I look forward to meeting everyone and getting to know you all!


----------



## Cowgirls Boots (Apr 6, 2011)

Welcome!!
_Posted via Mobile Device_


----------



## blackdieselpony (Feb 26, 2012)

I like that this one has a phone version is there an app or shortcut for HF?
_Posted via Mobile Device_


----------



## Cowgirls Boots (Apr 6, 2011)

I don't think so
_Posted via Mobile Device_


----------



## Clayton Taffy (May 24, 2011)

I hope you kept some grooming supplies on hand for you mud monster!
He sure is cute!


----------



## blackdieselpony (Feb 26, 2012)

OHH I know!! He rolls EVERYTIME I let him back in the pasture!

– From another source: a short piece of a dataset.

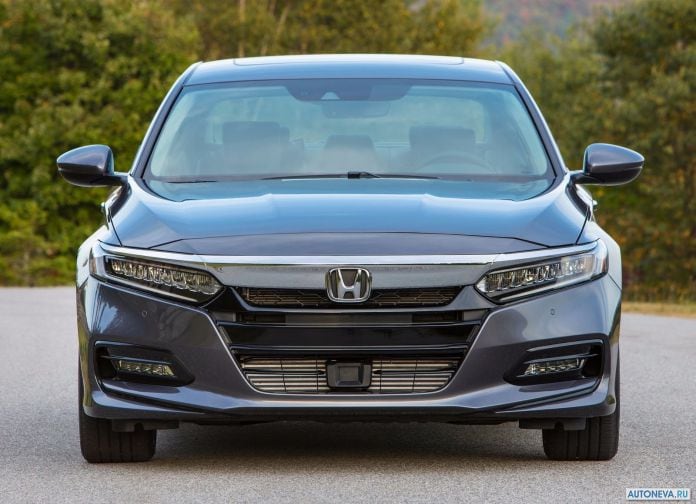 2018 Honda Accord - фотография 133 из 254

My secret is Shine spray! The dirst barely sticks to him! LOL!
_Posted via Mobile Device_


----------



## HorseLovinLady (Jul 18, 2011)

Welcome to the forum!! Your horse is gorgeous! I'm partial to paints of course.


----------



## Allison Finch (Oct 21, 2009)

WELCOME to the forum!!

Don't you love how the horse always finds the absolutely MUDDIEST place in a pasture to roll? Their way of assuring a good rubbing the next time they are groomed.


----------



## Country Woman (Dec 14, 2011)

Welcome blackdeiselpony 
nice to meet you and Diesel


----------



## Susan Crumrine (Oct 5, 2009)

I love your horse....
Welcome to the horse forum...


----------



## blackdieselpony (Feb 26, 2012)

Thanks! I adore him. He has an amazing personality 
_Posted via Mobile Device_


----------